Nevertheless, unanticipated baseline features and high crossover rates resulted in reduced capacity to properly test the drug’s effects, say investigators Glen Chertow and co-workers. The true insights from this research are for scientific trialists and regulators, say Vlado Perkovic and Bruce Neal in an accompanying editorial. We need to change the way we study the consequences of new medications and integrate these changes into regulatory procedures, guideline development, and clinical practice. Related StoriesArtemisinin and the fight against malaria: an interview with Dr. An interview with Professor Lesley JonesThe Evaluation of Cinacalcet Hydrochloride Therapy to lessen Cardiovascular Occasions trial showed a nonsignificant 7 percent decrease in risk for death or major CV occasions among individuals with end-stage renal disease who received cinacalcet compared with those who received placebo.In 2012, CSL Behring renewed its item donation contract with WFH, for the time 2013 through 2015. Since 2012, CSL Behring offers donated close to 7.7 million IUs of its bleeding disorders therapies to treat people who have hemophilia or von Willebrand disease in developing countries.

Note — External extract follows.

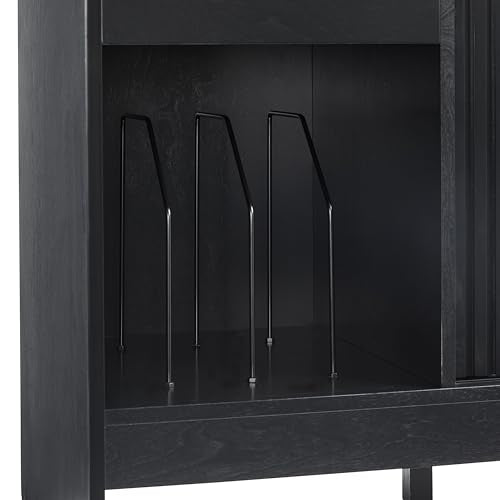 Crosley Furniture Arden Mid Century Record Storage Console Turntable Stand, Vinyl Storage Up to 315 Records, Black Crosley Furniture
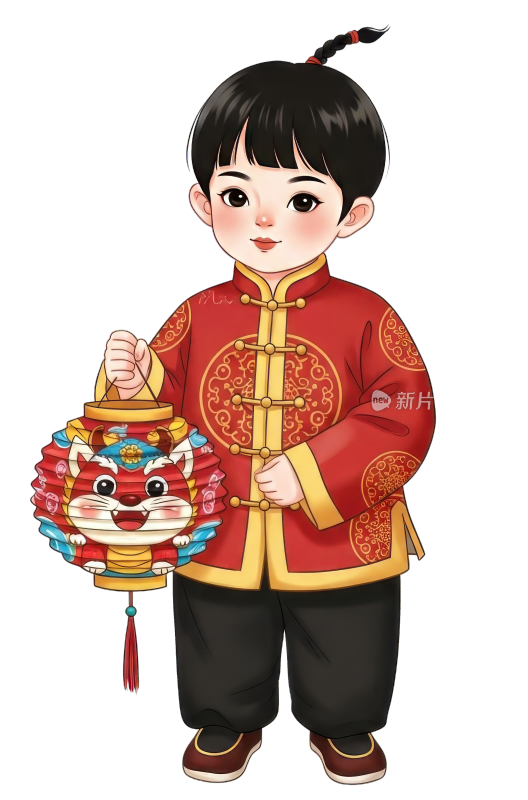 拿着灯笼的喜庆中国儿童插画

China’s SFDA finds certain batches of Jiangsu Yanshen’s human make use of rabies vaccine substandard Simcere Pharmaceutical Group , a leading pharmaceutical company focusing on the development, manufacturing, and marketing of branded generic and proprietary pharmaceuticals in China, today reported that China’s State Food and Drug Administration issued a statement on its investigation into the human use rabies vaccine manufactured simply by Jiangsu Yanshen Biological Technology Stock Co., Ltd.